Holliday and Witmer applied their “cartilage correction factors” to dinosaurs and figured that the limb bones of these animals were capped with about three inches of cartilage. That totaled up to more than a foot of extra height for some species.
The additional cartilage also offered an explanation for why the ends of the dinosaur bones contained grooves and pock marks: these were places that accommodated blood vessels. Holliday’s new estimates of dinosaurs’ height and leg length mean scientists will have a harder time calculating how dinosaurs walked, or how fast. “That’s kind of bad news for paleontology,” Holliday says. “It raises the bar for accuracy.”
Holliday is planning to take up that challenge himself, possibly by plotting three-dimensional computer models to see how joints move with and without larger bolsters of cartilage. And he’s putting more alligator cartilage under the microscope. He recently traveled to the Louisiana refuge to bring back a couple dozen 1- to 2-foot long alligators and parts of 12 five-foot gators. The goal is to find more evidence that the tissue is maintained by its own blood supply. Luckily, he just received an extra 6-foot chest freezer for large specimens; the single freezer he already had was full of specimens for his many projects. “I have about 10 burners going on,” he says. “But it’s pretty standard for comparative anatomists to have their fingers in a lot of pies.”
A quick tour of Holliday’s lab confirms this. It is a veritable museum of anatomical treasures. There’s a gecko — no longer as lively as the one in the TV commercials — in one jar. Another jar contains the head of a Nile monitor lizard. A third has the head of a newly hatched alligator.
A wealth of specimens spills into Holliday’s office as well. There are skulls of a turtle, an ostrich, a pronghorn antelope and a Komodo dragon. And there’s a cast of a Tyrannosaurus jaw — he took that one to his daughter Audrey’s preschool.
Holliday does a lot of outreach to school children, sharing his enthusiasm for the life sciences. He also maintains a blog, Holliday Lab at Mizzou, and an online atlas of three-dimensional images of the bones of an alligator skull taken from CT and MRI scans.
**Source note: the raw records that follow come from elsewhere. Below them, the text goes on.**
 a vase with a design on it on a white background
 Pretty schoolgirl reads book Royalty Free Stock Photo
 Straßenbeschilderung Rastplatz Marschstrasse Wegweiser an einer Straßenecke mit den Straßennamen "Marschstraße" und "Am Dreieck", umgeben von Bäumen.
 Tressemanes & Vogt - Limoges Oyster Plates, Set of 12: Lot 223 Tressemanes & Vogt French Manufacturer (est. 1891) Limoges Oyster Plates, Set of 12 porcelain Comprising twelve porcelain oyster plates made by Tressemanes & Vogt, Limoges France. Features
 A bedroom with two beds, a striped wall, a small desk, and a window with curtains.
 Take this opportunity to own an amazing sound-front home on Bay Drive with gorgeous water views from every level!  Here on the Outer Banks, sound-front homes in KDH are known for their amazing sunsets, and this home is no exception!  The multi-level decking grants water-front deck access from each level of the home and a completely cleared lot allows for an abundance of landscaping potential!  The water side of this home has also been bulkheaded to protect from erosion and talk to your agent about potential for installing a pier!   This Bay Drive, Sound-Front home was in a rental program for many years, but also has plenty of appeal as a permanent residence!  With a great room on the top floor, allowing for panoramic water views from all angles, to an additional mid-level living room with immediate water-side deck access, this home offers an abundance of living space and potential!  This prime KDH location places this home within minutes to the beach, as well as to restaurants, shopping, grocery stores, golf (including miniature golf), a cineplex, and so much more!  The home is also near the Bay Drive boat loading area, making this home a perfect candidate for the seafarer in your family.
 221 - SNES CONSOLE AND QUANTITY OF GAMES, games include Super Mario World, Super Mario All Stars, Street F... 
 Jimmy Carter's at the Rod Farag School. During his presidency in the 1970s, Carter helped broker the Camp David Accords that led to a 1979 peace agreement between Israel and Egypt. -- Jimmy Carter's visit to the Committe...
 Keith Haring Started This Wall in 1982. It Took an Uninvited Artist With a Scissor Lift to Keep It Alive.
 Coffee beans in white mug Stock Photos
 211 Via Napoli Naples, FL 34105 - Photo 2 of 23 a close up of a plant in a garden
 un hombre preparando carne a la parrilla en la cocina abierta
“I kind of live this,” he says. “Work’s fun. I wouldn’t be doing this if it wasn’t fun. And I’ve got a three-year-old who occupies most of my time when I’m awake.”
Audrey, the 3-year-old, seems to be following in the footsteps of her father and her mother, Dawn, an adjunct professor of biology at MU who will be leaving the University this fall to join the faculty of Westminster College in Fulton. Audrey’s a big fan, he says, of the PBS cartoon series, Dinosaur Train, to which, incidentally, Holliday gives high marks for scientific accuracy. “My daughter has turned into quite the dinosaur aficionado,” the proud father says.
And if all the discoveries about dinosaurs that Holliday and other researchers are making were to find their way into a remake of Jurrasic Park when Audrey is in high school?
“Jurrasic Park fifteen years from now would be a completely different production,” Holliday says.